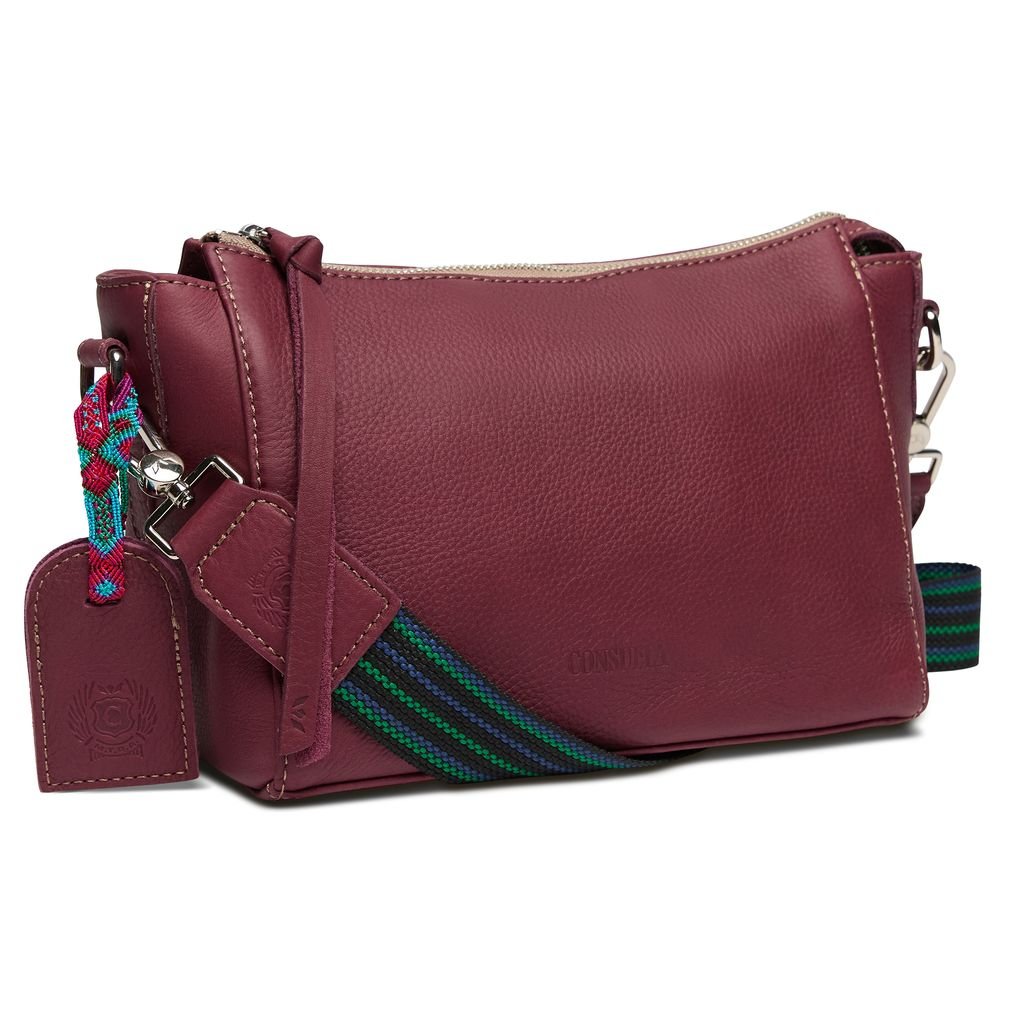 Plum City Bag - Southern Soule Designs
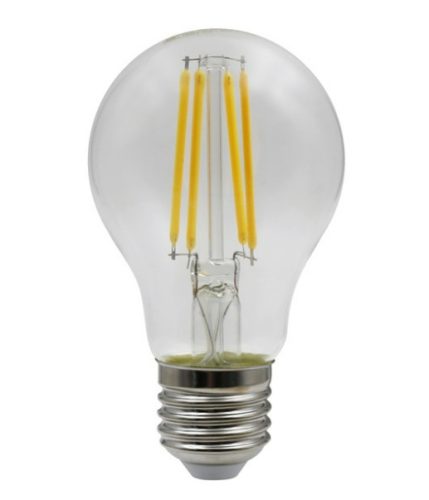GLOBO 10579K LED BULB Fényforrás LED üveg búrával. Ø:60, H:106, E27 LED 4W 230V, 4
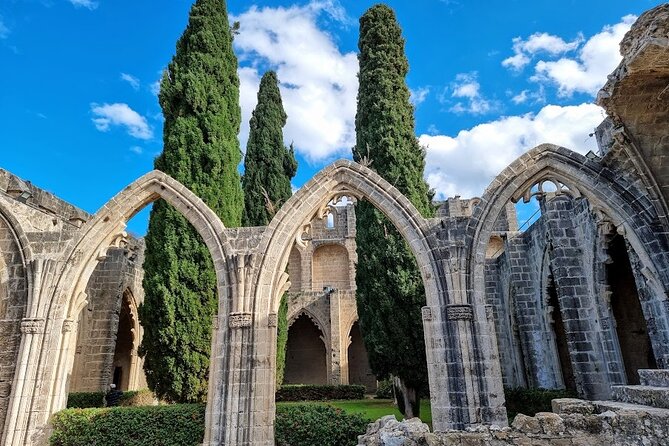 Kyrenia Tour (only from Nicosia/Kyrenia Hotels) - Key things to know before you book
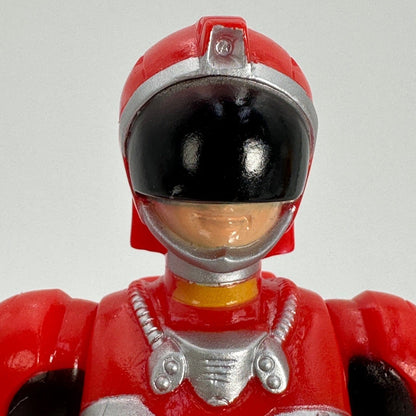 CSTOYS International Toy Robot [BOXED] Super Rescue Solbrain: Rescue Member Vinyl Figure Set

▬▬▬▬▬▬

* TASK DESCRIPTION *
When you reach the line that contains "GLOBO 10579K LED", start copying the listing word for word and stop only after its last line, without any pictures.

* WRITTEN SOLUTION *
GLOBO 10579K LED BULB Fényforrás LED üveg búrával. Ø:60, H:106, E27 LED 4W 230V, 4
 Kyrenia Tour (only from Nicosia/Kyrenia Hotels) - Key things to know before you book
 CSTOYS International Toy Robot [BOXED] Super Rescue Solbrain: Rescue Member Vinyl Figure Set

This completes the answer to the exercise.